--- Data extract Enclosed Below ---

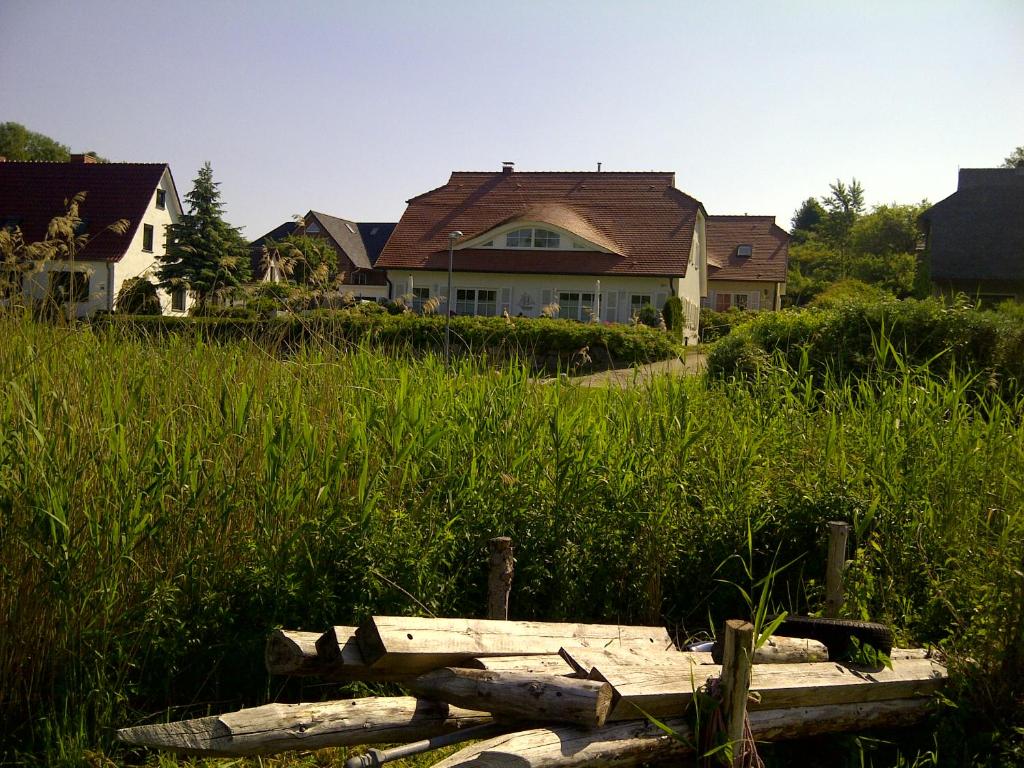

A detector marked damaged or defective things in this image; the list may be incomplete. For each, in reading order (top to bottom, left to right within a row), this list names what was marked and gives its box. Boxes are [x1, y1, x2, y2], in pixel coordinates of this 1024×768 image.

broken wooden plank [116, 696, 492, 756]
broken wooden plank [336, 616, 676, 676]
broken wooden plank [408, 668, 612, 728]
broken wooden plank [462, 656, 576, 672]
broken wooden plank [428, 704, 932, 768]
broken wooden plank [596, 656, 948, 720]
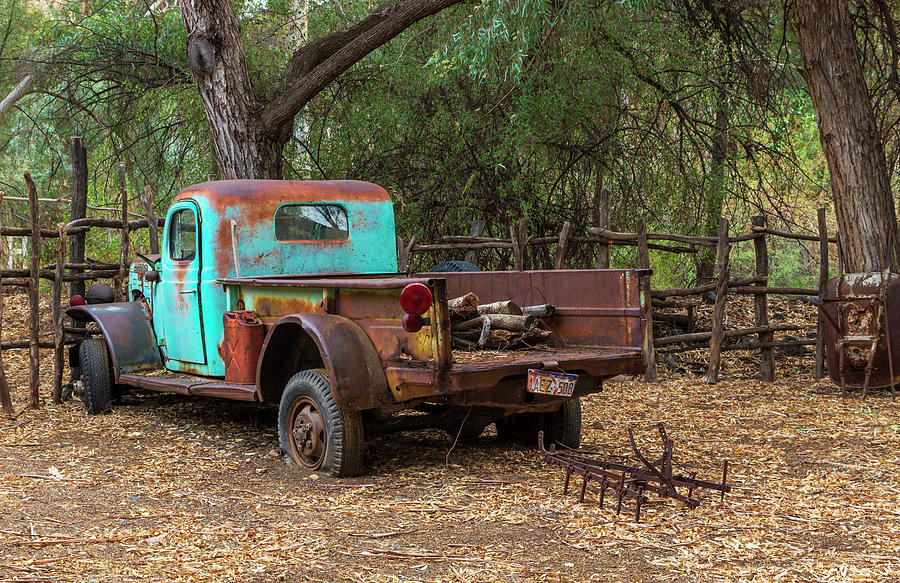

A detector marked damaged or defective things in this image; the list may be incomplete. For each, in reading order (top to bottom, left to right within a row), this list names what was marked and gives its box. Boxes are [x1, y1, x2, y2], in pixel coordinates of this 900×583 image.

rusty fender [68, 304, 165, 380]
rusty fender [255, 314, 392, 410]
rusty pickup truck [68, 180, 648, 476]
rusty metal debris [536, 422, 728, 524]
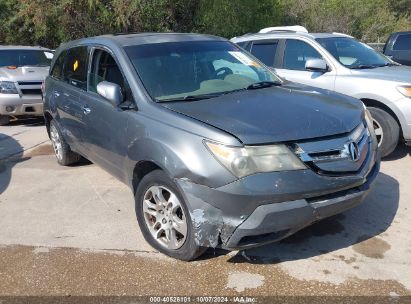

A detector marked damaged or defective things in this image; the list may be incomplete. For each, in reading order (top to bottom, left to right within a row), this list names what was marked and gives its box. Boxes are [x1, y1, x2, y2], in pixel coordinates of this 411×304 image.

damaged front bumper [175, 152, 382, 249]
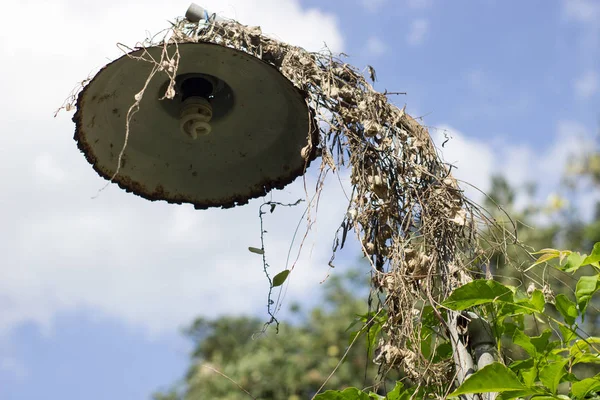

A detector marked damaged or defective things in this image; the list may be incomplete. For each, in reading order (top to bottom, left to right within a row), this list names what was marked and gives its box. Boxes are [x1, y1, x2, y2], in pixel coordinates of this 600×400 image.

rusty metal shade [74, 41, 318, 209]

--- End of Enclosed Data extract ---

(Your instructions): Write out again only the lines from the one with "this 600×400 image." through the last line of the records above. Keep every word as it stands.

(Answer space):
A detector marked damaged or defective things in this image; the list may be incomplete. For each, in reading order (top to bottom, left to right within a row), this list names what was marked and gives its box. Boxes are [x1, y1, x2, y2], in pixel coordinates of this 600×400 image.

rusty metal shade [74, 41, 318, 209]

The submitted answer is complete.